Escuché a un analista decir que, en materia de dopaje, solo pondría la mano en el fuego por los atletas populares. Yo no estaría tan seguro. En los últimos años han sido varios los veteranos mayores de 40 años que han dado positivo en controles pese a que se dedican al atletismo sin ánimo de lucro (al contrario, les cuesta dinero participar) y los controles son casi simbólicos. Así que no pondría la mano en el fuego graciosamente. Pero tampoco acusaría con un ventilador: hay demasiada gente honrada y esforzada como para meterla a toda en el mismo saco.
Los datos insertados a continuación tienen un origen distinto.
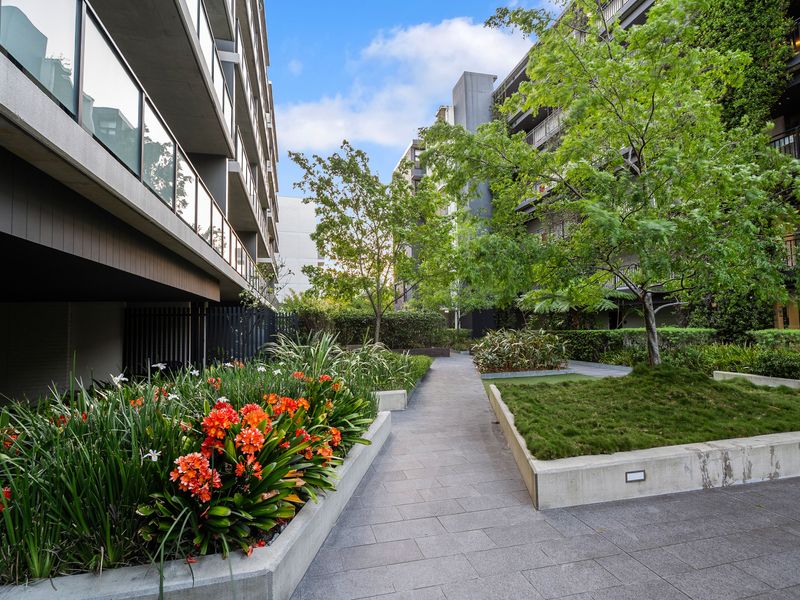 Exterior landscaped pathway winding through vibrant greenery and contemporary residential architecture.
¿Por qué hemos llegado a este punto sin retorno? Las causas son múltiples. Para el atleta, voluntad de poseer las mismas armas (aunque sean ilícitas) que sus contrincantes; ambición de conquistar grandes cimas premiadas con suculentas recompensas económicas y sociales; moral laxa o intelecto limitado que le dificulta distinguir entre acciones honestas y sus opuestas; presión social y mediática para alcanzar nuevas fronteras; y sensación de impunidad ante la trampa. El conjunto de estas razones, más otras que seguramente intervienen en cada caso particular, no conseguiría cuajar en la práctica del dopaje si no existiese la participación de un médico, un entrenador o un consejero que incite y colabore con el atleta. Son las personas que le inyectan la sensación de impunidad («tomándolo así no darás positivo») y le insuflan el virus del agravio («los demás van cargados; no seas tonto»). Además, le suministran la mercancía dopante y perciben espectaculares ingresos económicos por ese tráfico de sustancias.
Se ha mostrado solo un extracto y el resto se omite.